In his marriage to his second wife, Hosna bint Mahmoud, Saeed appears to have instilled ‘Western’ values. Bint Mahmoud is consequently denied her agency through the attribution of her behavior to the West, even though the narrator himself believes that the decision not to marry a second time is rightfully her own; Wad Rayyes, the man who is hellbent on forcing her to marry him, is the one who argues that circumcision is not a condition of Islam (Salih, 68), citing the practices of other Arabs themselves, revealing that he acknowledges that the ‘Sudanese’ have a right to their own cultural and religious interpretation, but employing this with a prohibitive degree of male privilege so as to corrupt interpretation and approach, as by the same Islamic—not Western—laws, Hosna bint Mahmoud has the right to refuse him in marriage. Although patriarchal inclinations are already prevalent in Arab-African culture, the encounter with the West exacerbates them, as the West renders the agency of Arab women to itself rather than to the women’s own culture, and Arab men affirm the attribution (so long as it validates their privilege) by accusing women who enforce their agency, like bint Mahmoud, has having been ‘poisoned’ by Western ideals.
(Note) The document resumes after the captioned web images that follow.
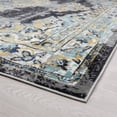 thumbnail image 4 of Bliss Rugs Traditional Medallion Area Rug, Floral Indoor Rugs for Living Room, Dining Room, Bedroom | Gray, 5' x 8' (5'3''x7'3''), 4 of 7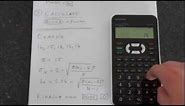 How to Calculate Standard Deviation Using Sharp El-531X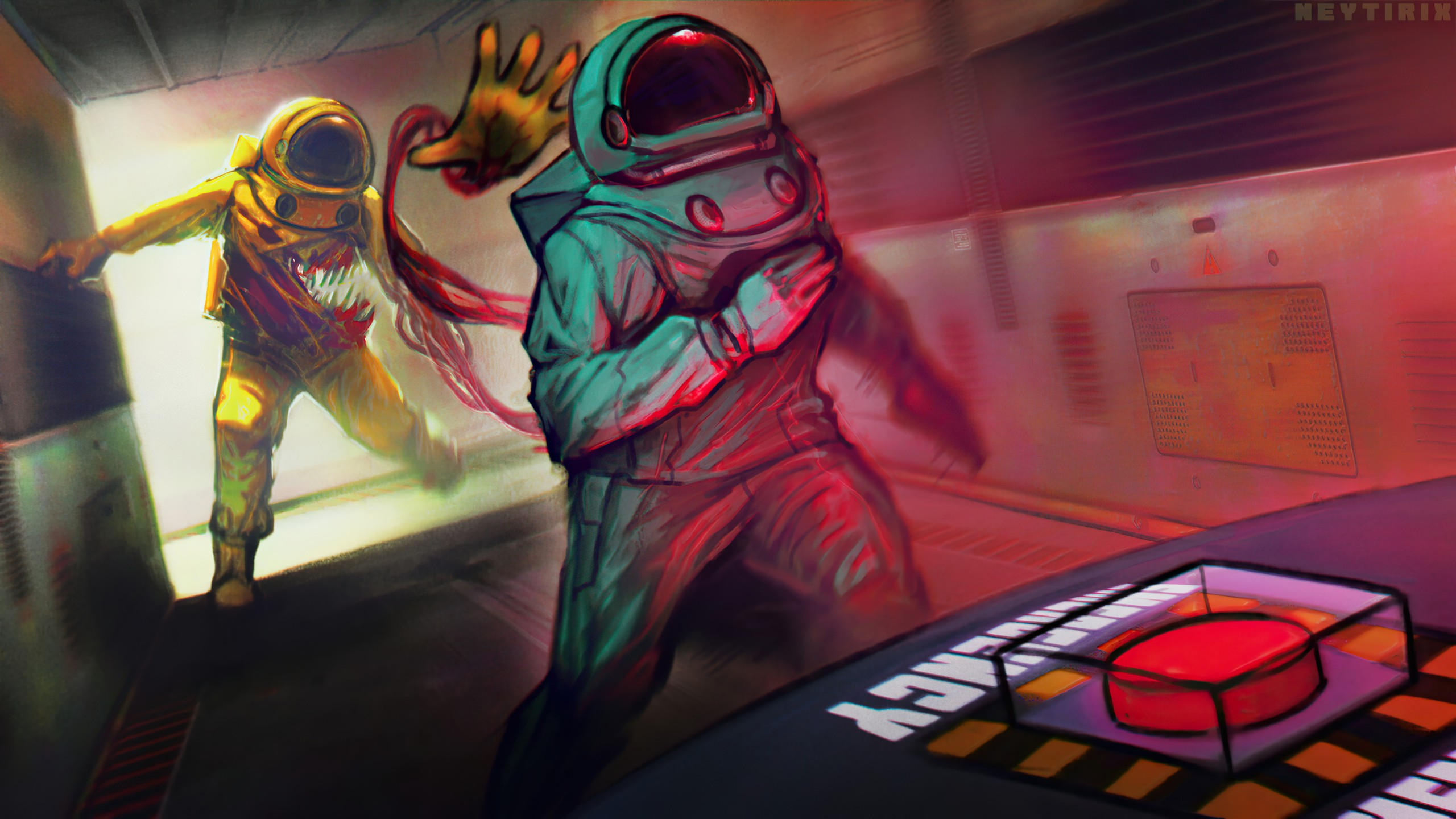 Among us 2560x1440 artwork 4k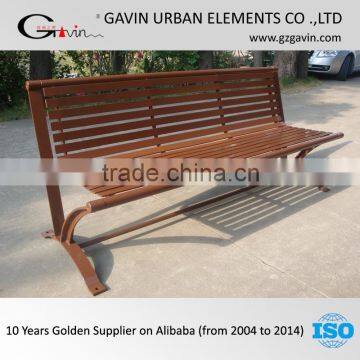 Powder coated metal outdoor bench for public park steel bench for street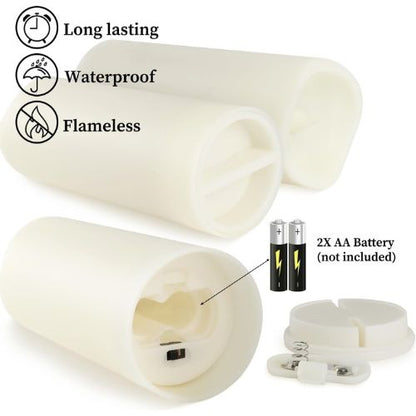 24 Waterproof Outdoor Flameless Candles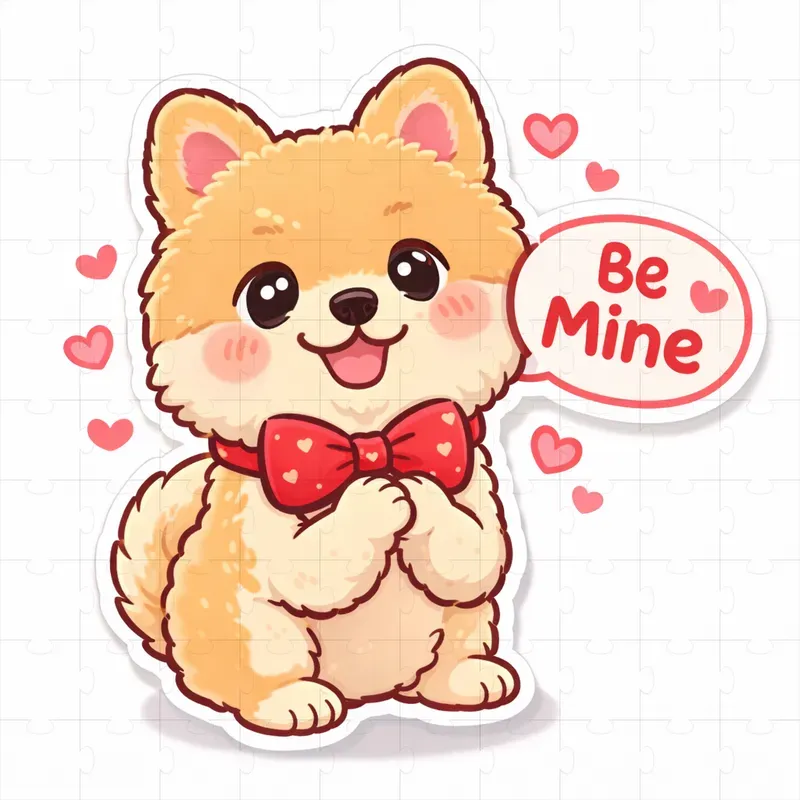 Valentine Message Pet Stickers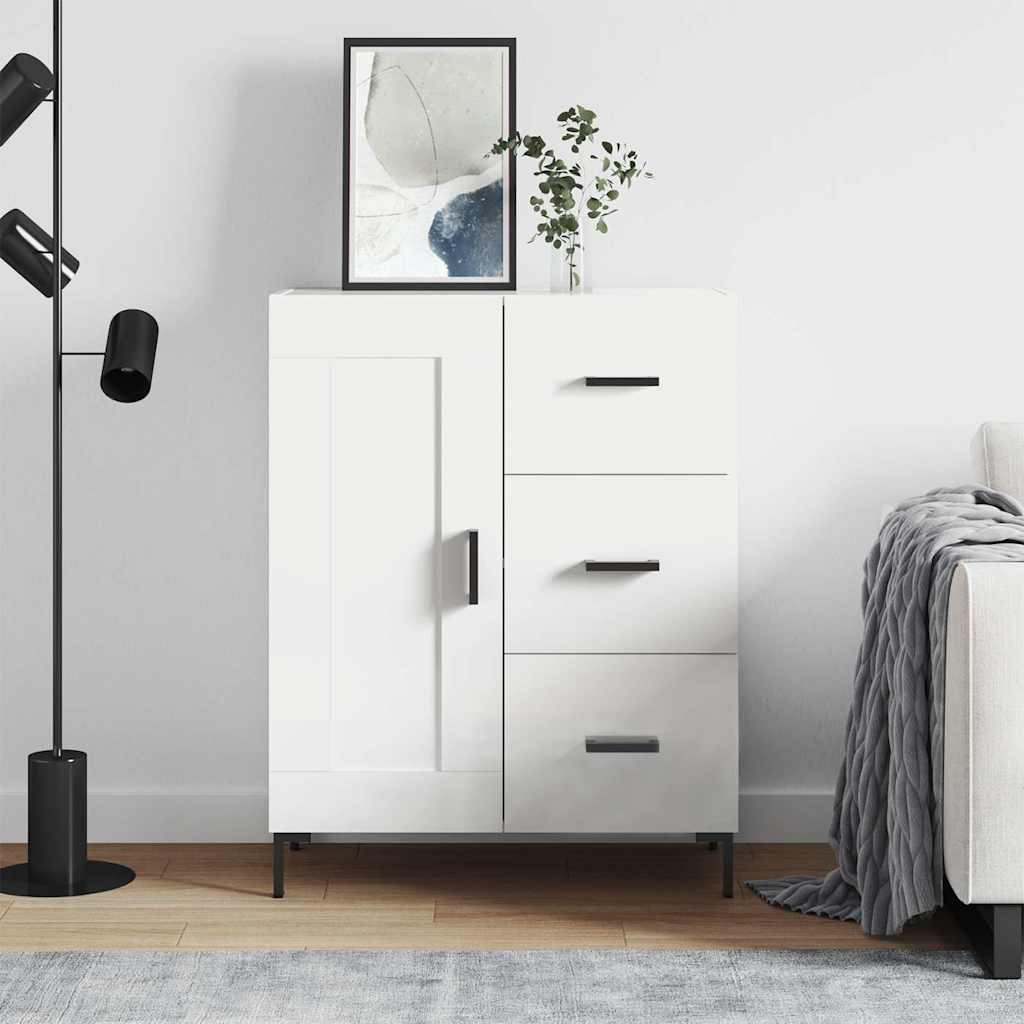 vidaXL Sideboard White 69.5x34x90 cm Engineered Wood 1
Thus original gender dynamics are skewed and morphed under the impressions of colonialism to continuously benefit the privileged conqueror, whether they are whites, males, or both, by undermining the agency of the oppressed party and weaponizing them against one another. The women must now advance under the pressures of an external patriarchal system that is unlike the one in which they had lived, and this is what necessitates female independence: not the Western enforcement of patriarchy, nor an African one, but the pressures of these systems interactively.